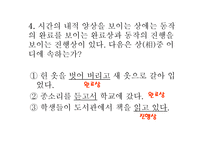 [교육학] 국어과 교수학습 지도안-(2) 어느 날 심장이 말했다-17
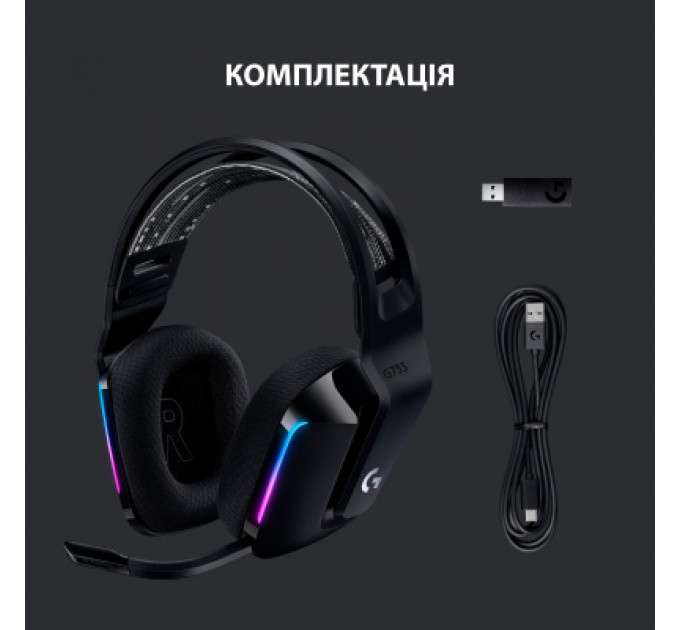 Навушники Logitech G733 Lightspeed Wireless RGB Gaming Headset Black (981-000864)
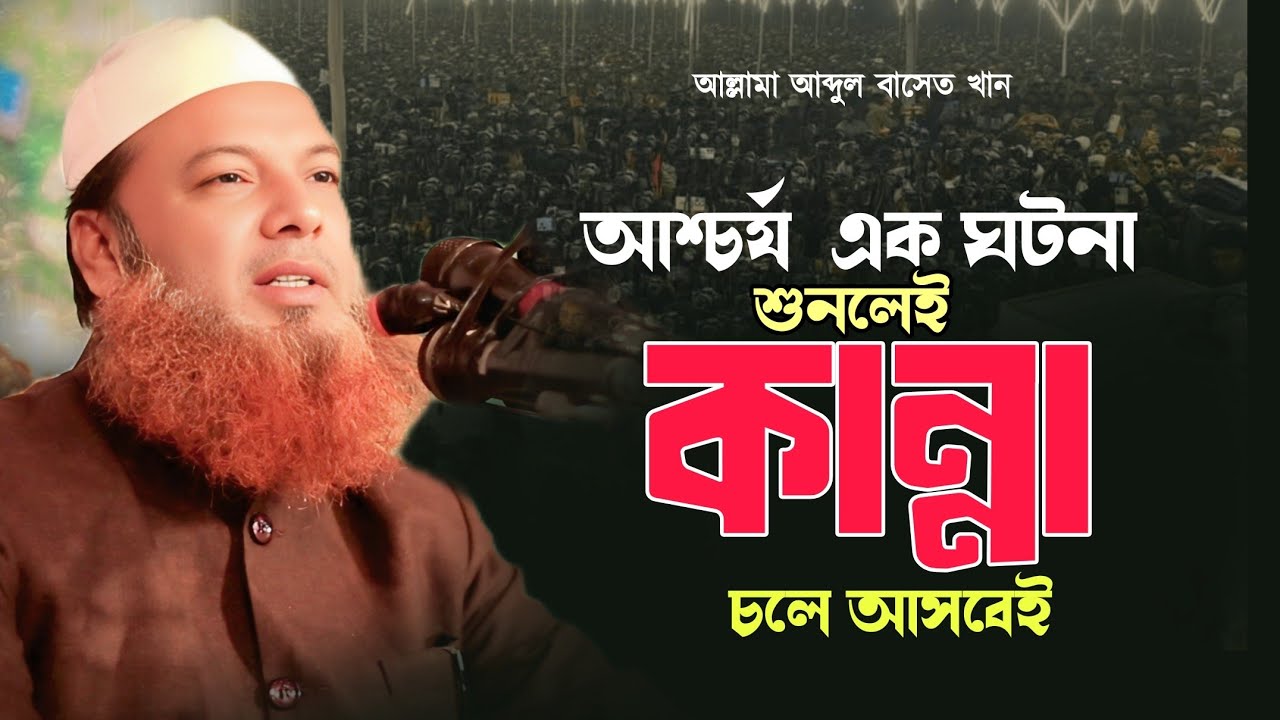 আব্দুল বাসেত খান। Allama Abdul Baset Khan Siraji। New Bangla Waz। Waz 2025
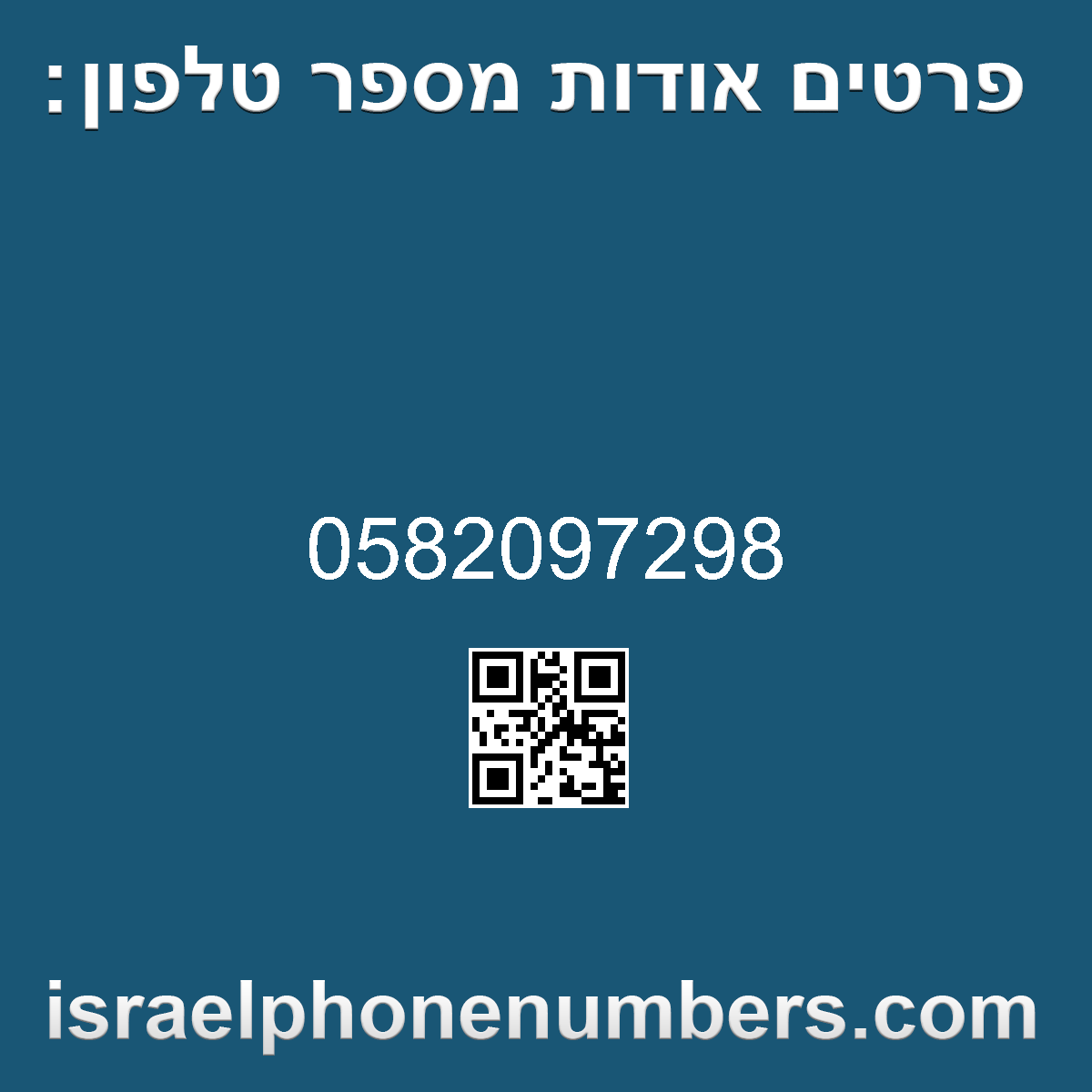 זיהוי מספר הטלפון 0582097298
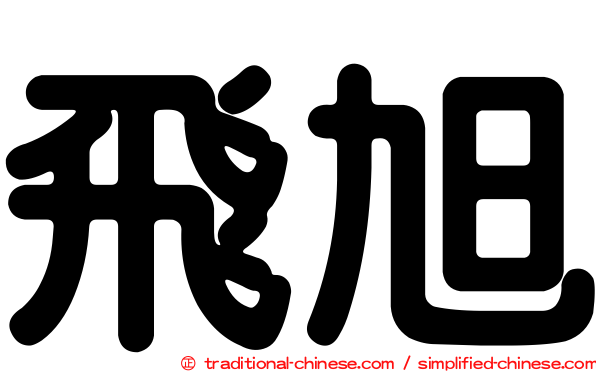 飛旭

--

__EXERCISE REQUIREMENTS__.
Output the listing above in full, exactly. No images.

__OUTPUT BELOW__.
 [교육학] 국어과 교수학습 지도안-(2) 어느 날 심장이 말했다-17
 Навушники Logitech G733 Lightspeed Wireless RGB Gaming Headset Black (981-000864)
 আব্দুল বাসেত খান। Allama Abdul Baset Khan Siraji। New Bangla Waz। Waz 2025
 זיהוי מספר הטלפון 0582097298
 飛旭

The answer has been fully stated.